Principes de mises en œuvre

La solution isolant sous bardage allie esthétique et pratique. Avec une mise en œuvre rapide et “à sec”, elle convient à la plupart des constructions. La mise en œuvre doit tenir compte de la zone climatique où se situe le bâtiment et de son orientation. Cela pour anticiper les sollicitations physiques et mécaniques que va subir la façade.

isolation avec bardage en bois

Si l’on souhaite limiter au minimum l’épaisseur de l’isolation par l’extérieur, la solution idéale est la mise en œuvre de l’isolant en couche unique positionnée derrière les chevrons. La pose en continu de l’isolant sur l’ensemble de la façade permet de fortement limiter les ponts thermiques en désolidarisant l’ossature du mur porteur.

Lorsque l’épaisseur du système d’isolation ne représente pas une contrainte, l’isolant peut alors être posé en deux couches (derrière les chevrons et entre les chevrons). Un tasseautage ajouté le long des chevrons permettra de ménager la lame d’air obligatoire de 2 cm minimum et servira de support pour la fixation du parement.

Menuiseries : attention aux ponts thermiques

Une attention particulière doit être portée aux menuiseries. En France, on les pose en tunnel (au milieu du tableau) ou en appliqué à l’intérieur. L’appui et le tableau de la fenêtre créent alors un pont thermique important.

Pour l’éliminer, il est nécessaire d’araser les appuis de la fenêtre avant la mise en œuvre de l’ITE. Il faut ensuite poursuivre l’isolation des murs sur le retour des tableaux des menuiseries.

Lame d’air : une ventilation obligatoire

Disposer d’une lame d’air ventilée à l’arrière du bardage (2 cm minimum) est obligatoire. Elle est un gage de durabilité des matériaux sensibles à l’eau (chevrons notamment). Elle permet l’évacuation de la vapeur d’eau ayant migré de l’intérieur de l’habitat vers l’extérieur au travers de la structure.

Pour ventiler cette lame d’air, il est nécessaire de ménager des entrées et des sorties d’air. De section suffisante, elles seront en pied et tête de bardage, selon la hauteur de façade à isoler. Ces ouvertures doivent être protégées par une grille perforée pour assurer la protection contre de petits nuisibles.

Le parepluie

Il ne peut y avoir d’isolation sans étanchéité. Celle-ci, sous forme de parepluie, vient recouvrir la façade isolée, la protégeant contre la pénétration d’humidité, de poussières, d’insectes et va permettre d’améliorer l’étanchéité au vent de la paroi et ainsi d’y limiter l’entrée d’air froid.

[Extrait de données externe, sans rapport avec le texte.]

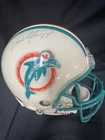 DAN MARINO AUTOGRAPHED FULL SIZE MIAMI DOLPHINS RIDDELL HELMET GUARANTEED COA.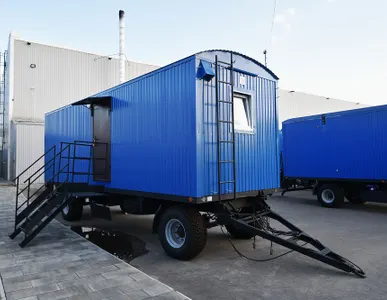 Нефтекамский завод мобильных зданий «Торос» произвел 2084 вагон-домов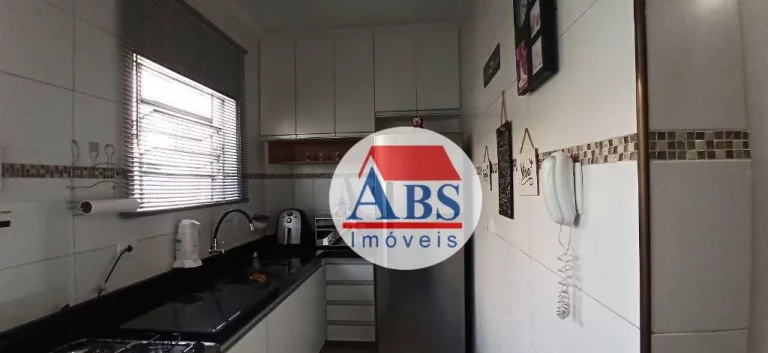 Imagem Lindo Apartamento com 2 dormitórios à venda, 65 m² por R$ 330.000 - Itararé - São Vicente/SP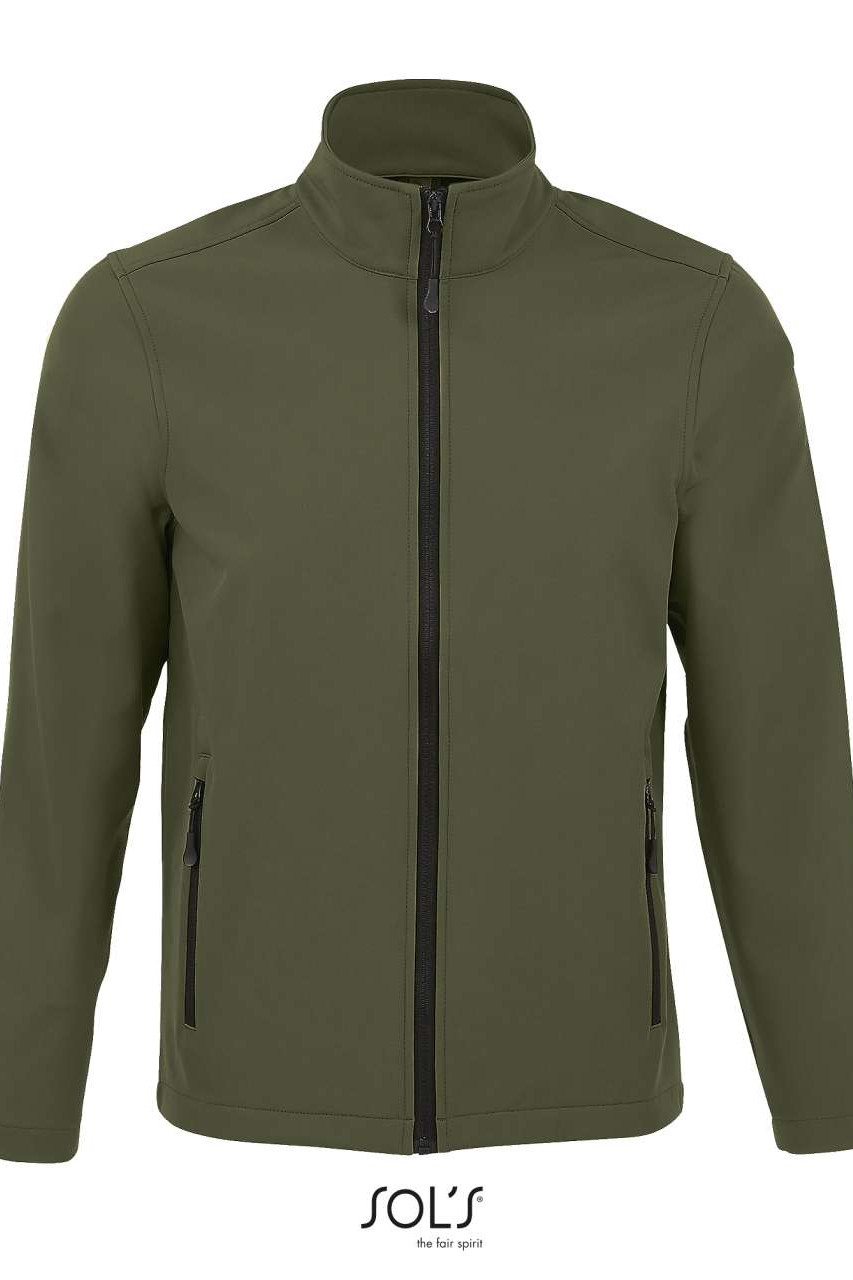 SOL'S RACE MEN - SOFTSHELL ZIP JACKET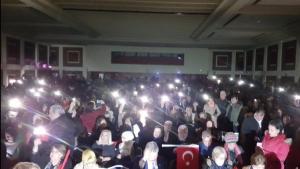Meral Akşener’in “HAYIR” propagandasına elektrik kesintisi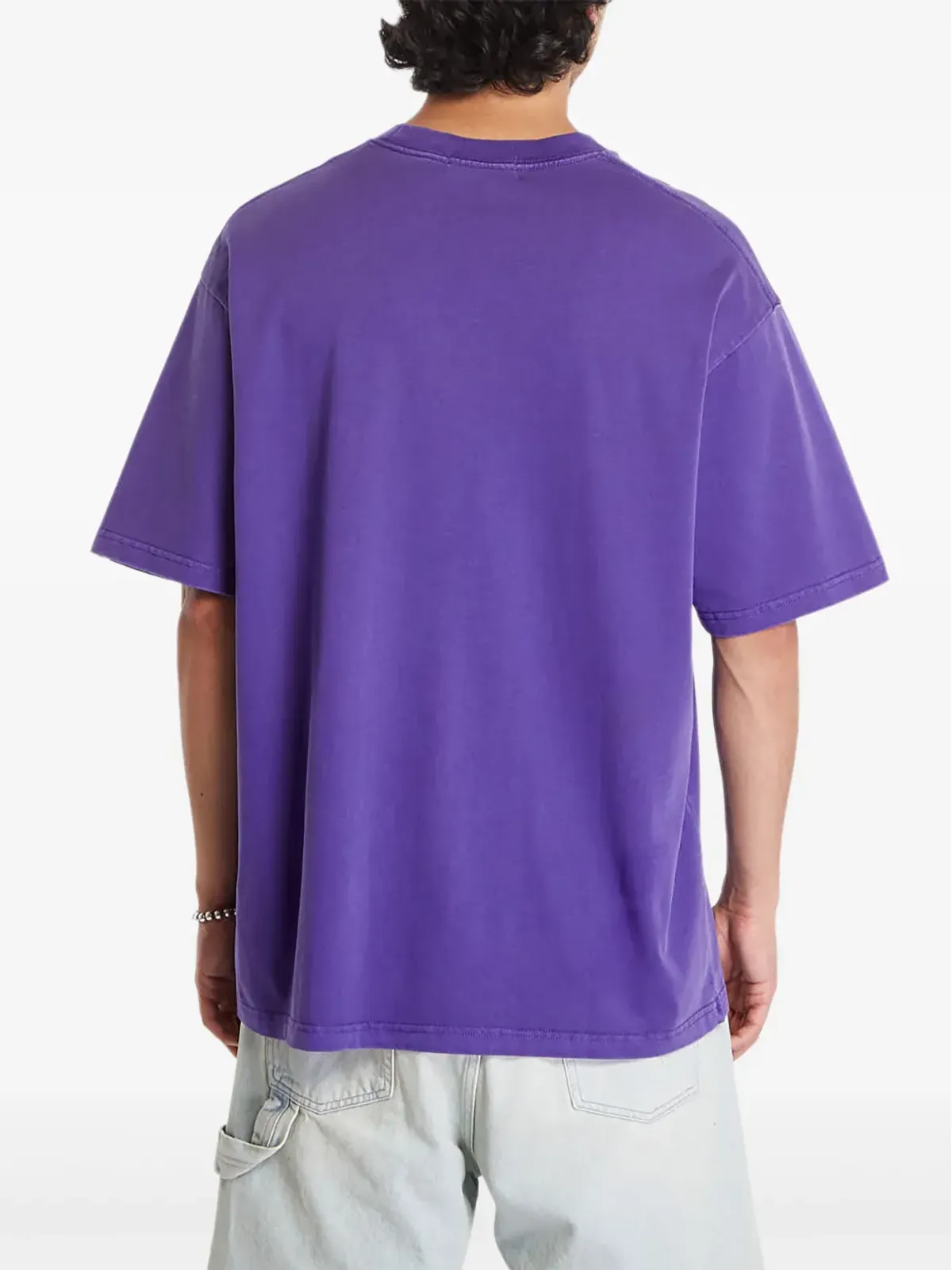 A BATHING APE® ラインストーン ロゴ Tシャツ - 画像3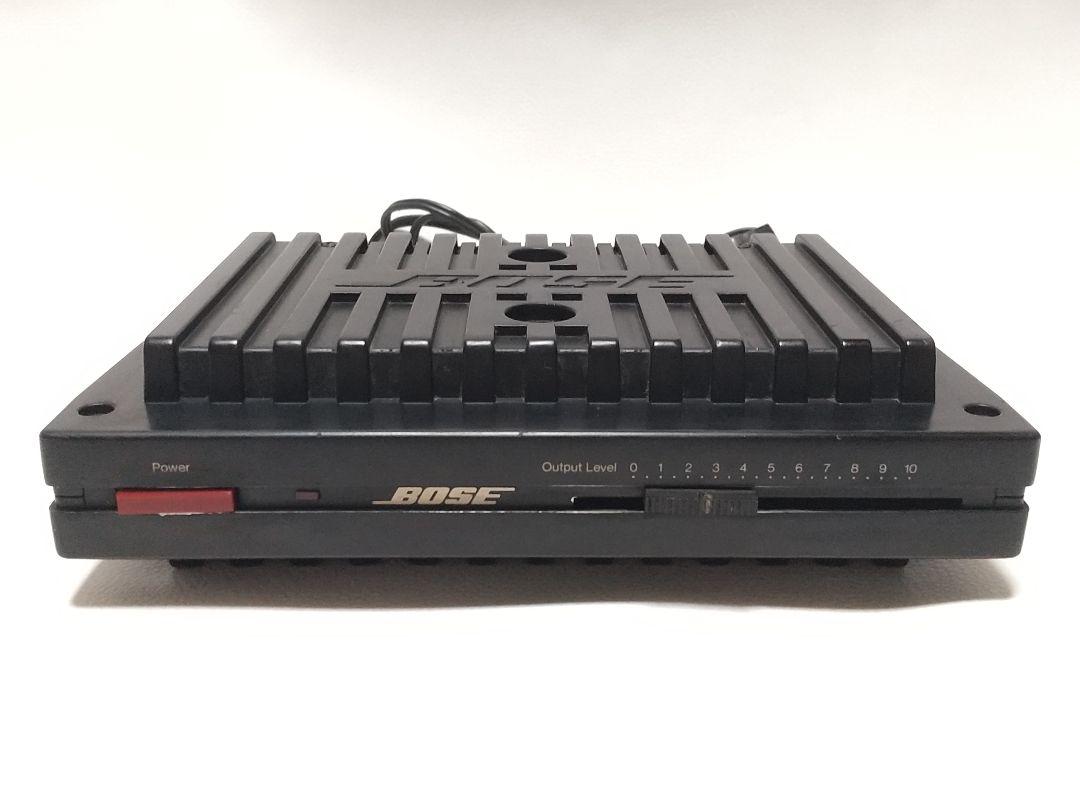 BOSE 1701D-5 パワーアンプ　ブラック　動作品 BOSE 1701D-5 パワーアンプ 出力レベル調整可能 - メルカリ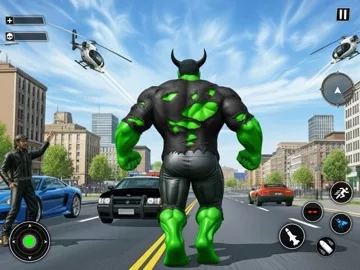 Гигант Супер Монстр Герой Игры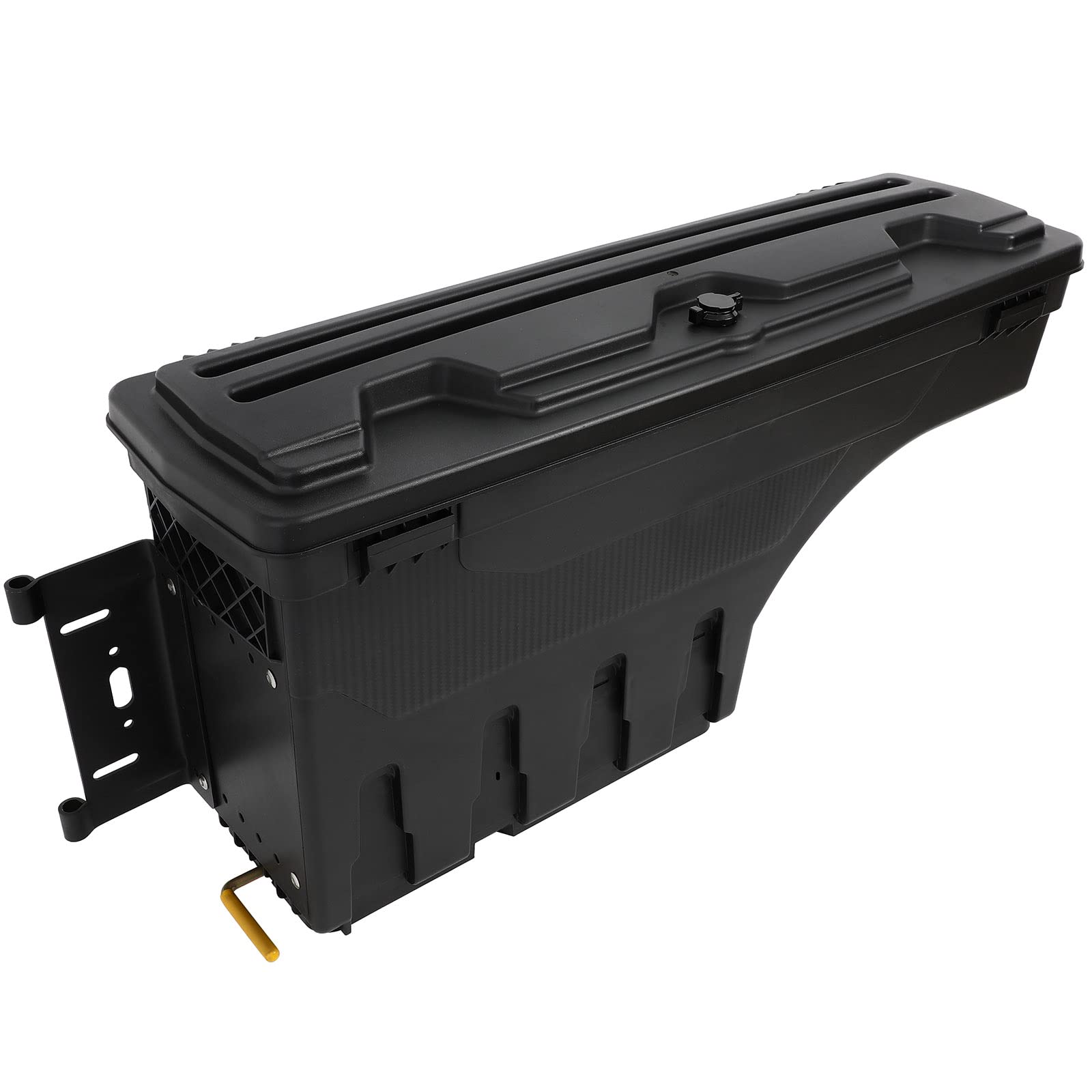 ROADFAR Lockable Truck Bed Storage Box - Left Side Compatible with Dodge Ram 1500 (2002-2010, 2011-2018) & Ram 1500 Classic (2019-2021) | 55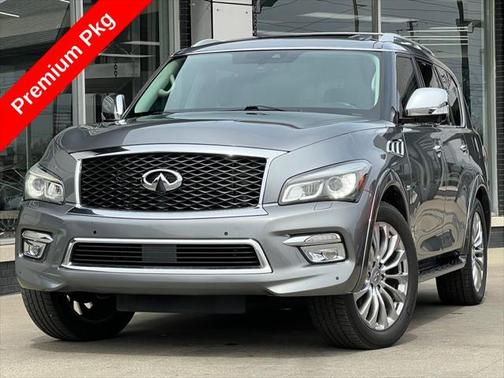 2017 INFINITI QX80 Base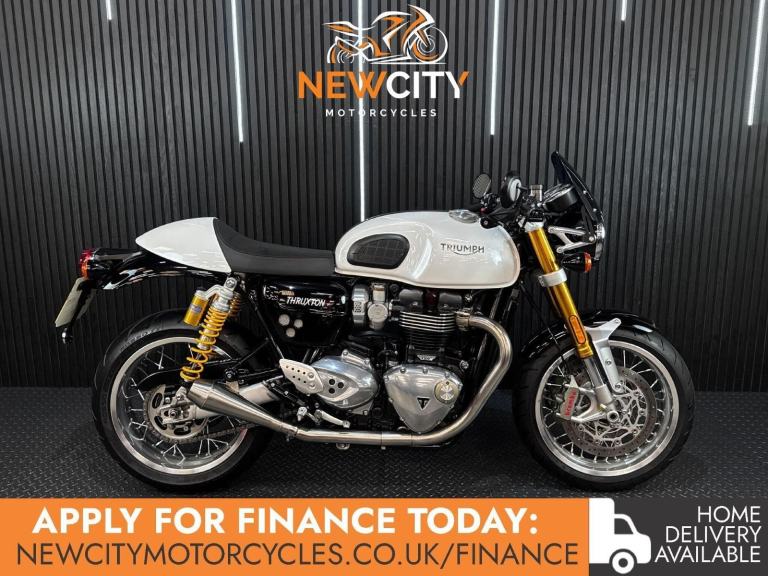 2019 Triumph Thruxton 1200 R 1200 Euro 4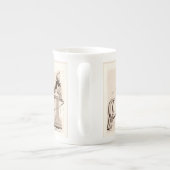 Alte Assyria Spezialität Tasse (Rückseite)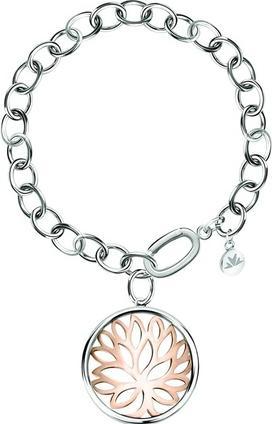 Morellato Bicolor Bracelet Tree of Life Loto SATD09 (L) (Edelstahl)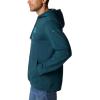 Columbia mens Trek Hoodie(Night Wave  Bearly Checkered Peaks Grx)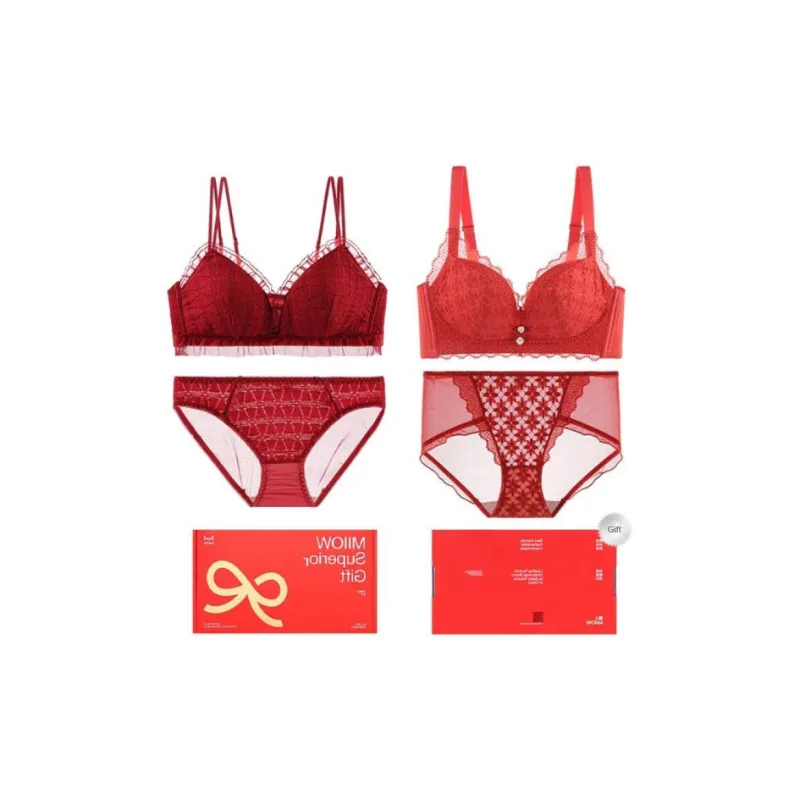 MIIOW Underwear Set Women's 2 Sets-5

Son rôle est d’apporter à la façade une étanchéité à l’air mais également une perméabilité à la vapeur d’eau. L’étanchéité à l’eau est essentielle pour avoir des murs secs et sains mais aussi pour garantir la durabilité de la construction et de l’isolant rapporté.

L’étanchéité à l’air permet de limiter les pertes d’énergies liées aux échanges entre les murs et l’extérieur. La perméabilité à la vapeur d’eau est un critère important dans le choix du pare-pluie. En effet, celui-ci se comporte comme une membrane respirante qui permet à l’humidité contenue dans les murs et l’isolant, sous forme de vapeur, d’être évacuée vers l’extérieur par la lame d’air.

En fonction de la structure de l’habitation, il peut être posé sur un support continu (panneau de contreventement) ou discontinu ( ossature bois ), directement au contact de l’isolant thermique, ou mis en oeuvre derrière un habillage de façade à joints fermés ou un bardage à clairevoie ( dans ce dernier cas, il doit s’agir d’un pare-pluie spécialement stabilisé aux UV, type DELTA®-FASSADE / Doerken ).

Certains fabricants, comme Pavatex, proposent des isolants déjà équipés de pare-pluie pour simplifier les manipulations. Ainsi Pavatex+ en fibre de bois protège aussi de la pluie car sa dernière épaisseur est imprégnée de latex, ou encore Isolair imprégné de latex dans toute son épaisseur.

Un parement qui recouvre le système d’isolation thermique par l’extérieur

bardage en bois naturel

Il en existe une multitude, depuis les bardages en bois massif aux produits minéraux, type parement de pierre 11ou ardoise naturelle, en passant par les produits composites proposés, entre autres, par SCB, ( CanExel, Smartside, Duracolor ) et fabriqués à base de fibres, de particules de bois recyclées et de résines polymères… Placé à la verticale ou à l’horizontale, le bardage est réalisé dans des essences très robustes : Mélèze, Red Cedar, pin Douglas, Épicéa. Ces bois, souvent traités, sont en mesure de résister aux intempéries.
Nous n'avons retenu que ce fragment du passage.